BIGGER AND STRONGER
- Tim Doppel
- Nov 22, 2024
- 4 min read

Feast of Christ The King
John 18:33-37
November 24, 2024
Jesus replied, “You say that I am a King. I was born and came into the world for one purpose — to bear witness to the truth. Everyone who seeks the truth hears my voice.”
When I ran my business, I always resisted the urge to have a “Customer Appreciation Day.” Now, don’t get me wrong! I really appreciated my customers. They paid the bills, they paid my employees, and they put food on my family’s table. And that’s why I didn’t want to have only one special day to show my appreciation. I feared that in the minds of my customers, as well as my employees, that if only one day a year was set aside to say thank you, then what did we do the rest of the year: NOT appreciate them? I don’t think so! I would tell my employees that EVERY day was Customer Appreciation Day. And that made a big difference in how we conducted our business.

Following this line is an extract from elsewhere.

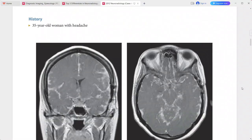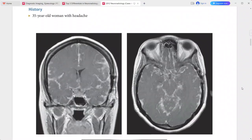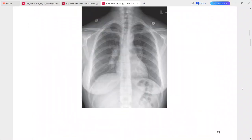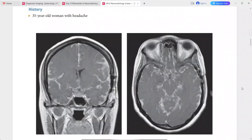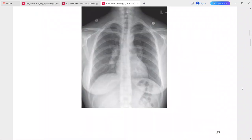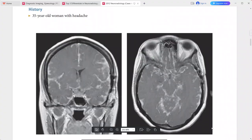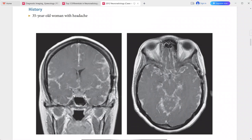Next: a 35-year-old woman presenting with headache, with chest X-ray also provided. Post-contrast T1-weighted MRI shows thick nodular leptomeningeal enhancement most prominent along the sylvian fissures and basal cisterns.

So, pardon the little smirk on my face, when the church announces that today is a special day to honor Christ. Oh really? What about the rest of the year? In my daily life, I work hard to recognize Jesus the Christ is all around me. In all the little things I see and do, I want to know Christ and know him in a continually deeper way.
But I have not always thought that way. Like many people, I suppose, for a long time I thought Christ was Jesus’ last name. I thought that God had created the world many billions of years ago, and then decided to “send” Jesus down here to straighten things out. The truth of course is that the Christ is God and has been active in our world since the very beginning. Christ was with the Creator at the Big Bang and continues to move and have meaning in this veil of tears.

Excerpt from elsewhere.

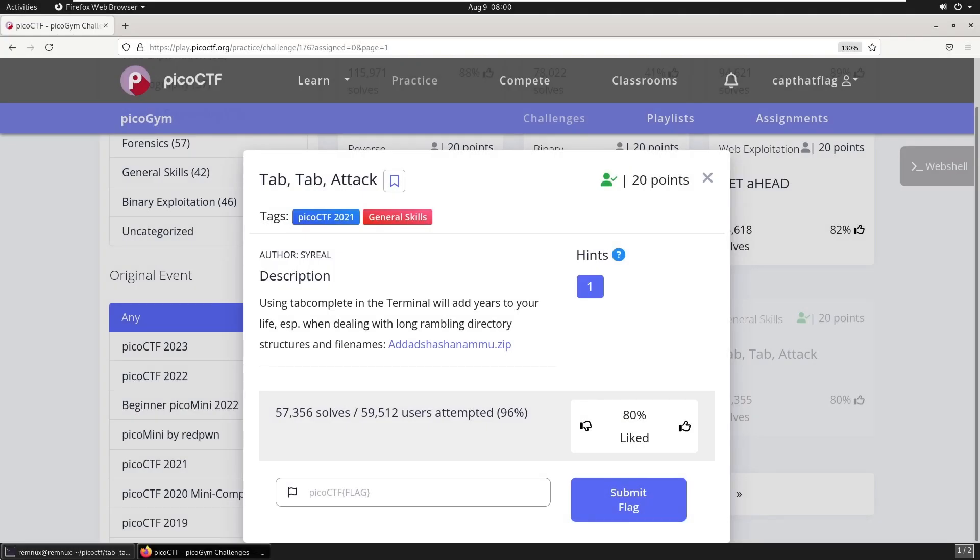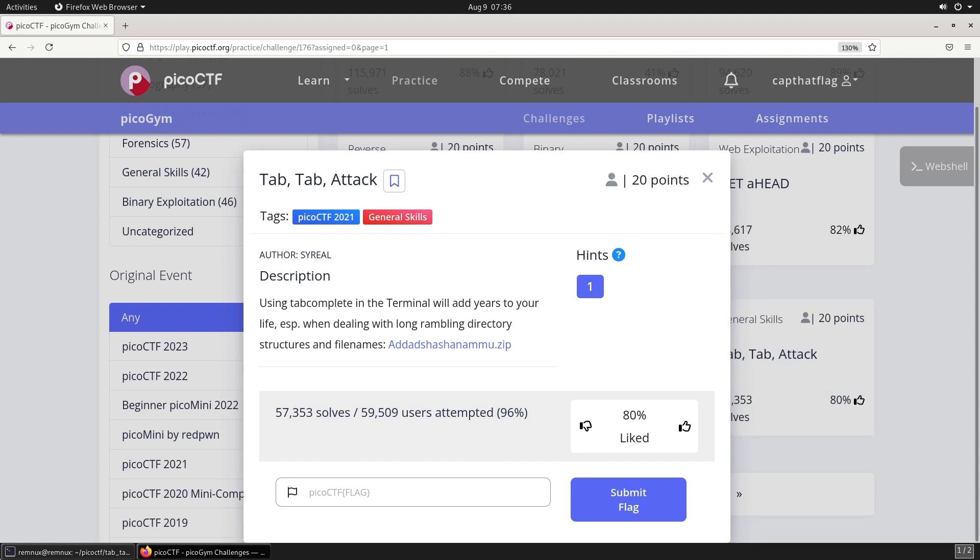Welcome back to Capture the Flag. Today we're continuing our PicoCTF series with a challenge titled Tab Tab Attack. It's worth 20 points, from PicoCTF 2021, in the General Skills category. The description reads: using tab complete in the terminal will add years to your life, especially when dealing with long rambling directory structures and file names.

Jesus is the embodiment of the Christ. Jesus came into this world to show us how God, the Christ, wants us to live and love. And he even went so far to accept a death on the cross, only to rise to show us that God’s love cannot be constrained by evil. Love wins.
But (why is there always a ‘but’?) the world has not quite lived up to its end of the deal. Jesus the Christ showed us the way, and yet war, violence, greed, hunger, loneliness, prejudice and all sorts of evils persist. Throughout history, humankind has attempted to put God in a box. Instead of celebrating that we are each made in God’s image, we tried and tried to make God into our image. That never has worked out very well, but it hasn’t stopped us from trying.

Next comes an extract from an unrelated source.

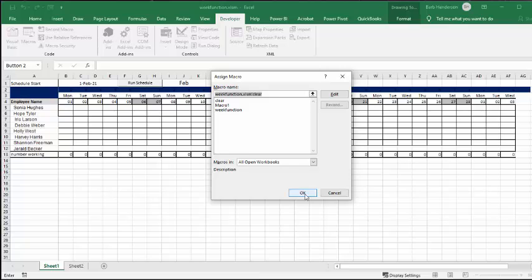And then I select clear, which is the same as macro one. So that's how you do a schedule using the week function in Excel.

Dr. Barbara Holmes once said, “The Creator does not come as we expect. The Spirit does not move under our command. When we expect divine intervention in one way, it usually comes in another. We expect the warrior king to set things right, God sends a baby in a manger. We expect wrongs to be punished, God extends grace and mercy to all.” 1
I try to embrace that unexpected advent of God. I’ve learned to look for the unexpected and to see Christ’s hand in it. It has allowed me to have confidence that the world my grandchildren will inherit from my generation has a good chance of being a better place than the one I live in now. That may sound rather pollyannish, but I really do believe that. Because I believe that the love of Christ is bigger and stronger than anything out there that may be strutting around.
Richard Rohr, in his Essential Teachings on Love, wrote, Faith in God is not just faith to believe in spiritual ideas. It’s to have confidence in Love itself. It’s to have confidence in reality itself. At its core, reality is okay. God is in it. God is revealed in all things, even through the tragic and sad, as the revolutionary doctrine of the cross reveals! 2
Having confidence in love and hope is what gets me through the day. Knowing that Christ became the embodiment of love and walked on this earth gives me optimism that I can do little things to make this world a place where love can, and will, grow. I want to bear witness to the Good News that is Jesus the Christ and find a way to connect with others in a quest for solidarity. In all the little things I see and do, I want to know Christ and know him in a continually deeper way.
Every Day.
1. Adapted from Barbara Holmes, “Ancestral Wisdom, Community Wisdom, and Discernment of the Spirit,” Wisdom in Times of Crisis, May 6, 2020, Center for Action and Contemplation, YouTube video, 8:06.
2. Adapted from Richard Rohr, Essential Teachings on Love, selected by Joelle Chase and Judy Traeger (Maryknoll, NY: Orbis Books, 2018), 25.